Editor’s note: This commentary is by Rick Gordon, Ph.D., who is a member of the Westminster School Board and the director of the Compass School, a private nonprofit school for grades 7-12 in Westminster.
Thankfully our legislators are considering modifications to Act 46. While consolidation may make sense in some areas of the state, it doesn’t work in all areas, is unlikely to achieve the goals of the act and, most importantly, will harm the education of our children. Sadly, many of the supposed advantages of consolidation focus on convenience for central administration, simplification for the business office, or simply compliance with state mandates that are not necessarily in the interest of children or teachers.
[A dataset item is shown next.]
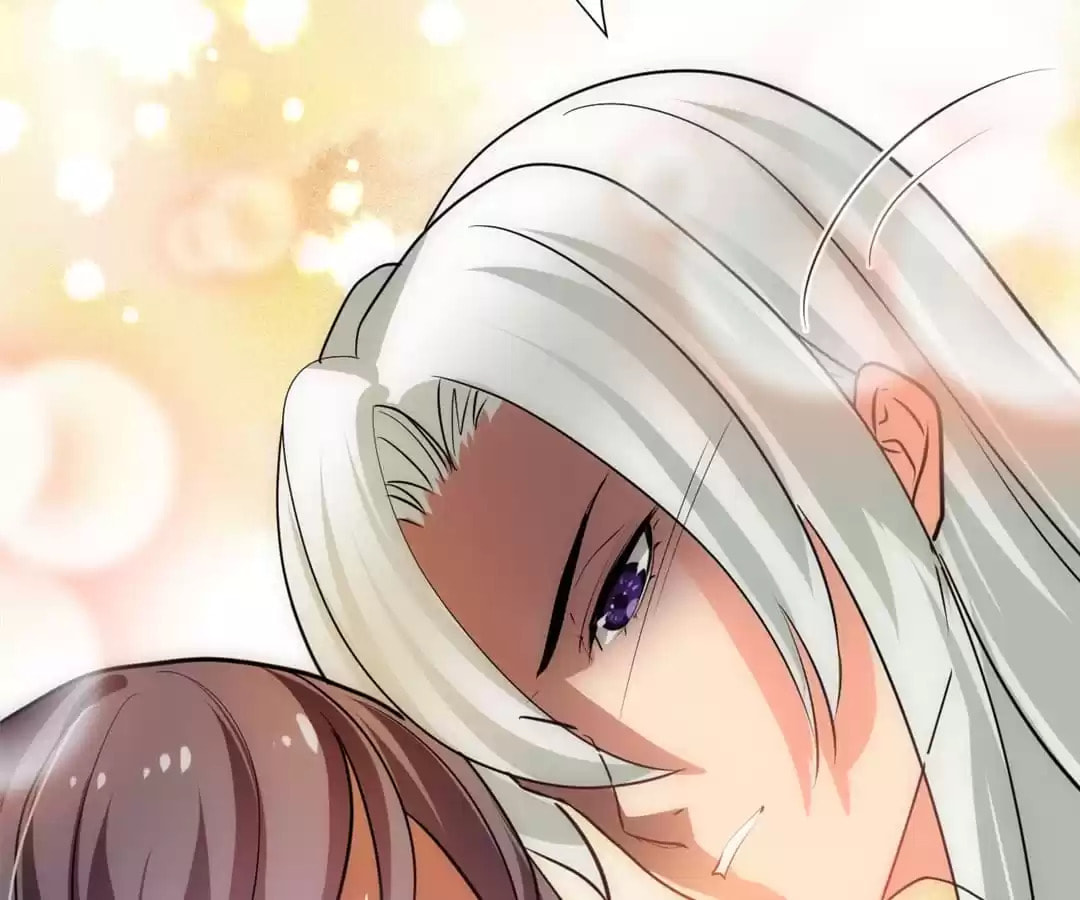 Read Crazy for You chapter 154 image 7 on Lezhin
Act 46 sets out two major goals — economic efficiency and equity. On both grounds, the current emphasis on one “preferred structure” fails to meet these goals, at least in some areas of the state.
I worry that we misinterpret local control as a question of governance rather than educational quality. The ultimate determinant of a student’s educational experience is the quality of teachers, the school principal, and programs at the local level. Student learning is not an abstraction of educational policy or governance — the most effective schools know students well and are responsive to the individual needs of kids and their families. The more bureaucratic and standardized our schools become, the less responsive they can be to the unique needs of the children they serve.
Local control really is about school-based responsiveness to the needs of kids, the initiative of teachers, the input of the community, and the leadership of principals to shape an inspiring, dynamic, personalized learning environment that works for every child. Decisions made in the superintendent’s office or by a unified board can’t be based on knowing the uniqueness of our children or the unique needs of individual schools. Teachers will shy away from pursuing exciting new ideas that would have to be sold throughout a larger district — it’s hard enough to create something new at the classroom or school level. The idea of districtwide implementation of a teacher-initiated effort is nearly impossible. Parent voices will be subdued by having to go up the channel from principal to the superintendent.
Local control really is about school-based responsiveness to the needs of kids, the initiative of teachers, the input of the community, and the leadership of principals to shape an inspiring, dynamic, personalized learning environment that works for every child.
Rather than increase opportunities in our school, opportunities will be reduced by a merger. We have a superb, school-run food program connected to our local farms and our school garden. This is likely one of the first programs that will be cut in a merged district to simplify management and to eliminate the inequity of one school’s superior food service. We have other offerings, such as an experiential learning program not offered by other schools. Even if our surrounding schools tried to replicate these programs, they will not be comparable, since you cannot replicate the skills or enthusiasm of the staff who lead these unique programs. The quality of educational offerings is not only about program titles but depends on the personal commitment and energy of individual teachers or community volunteers. This is not something that can be easily replicated from site to site under the guise of equity.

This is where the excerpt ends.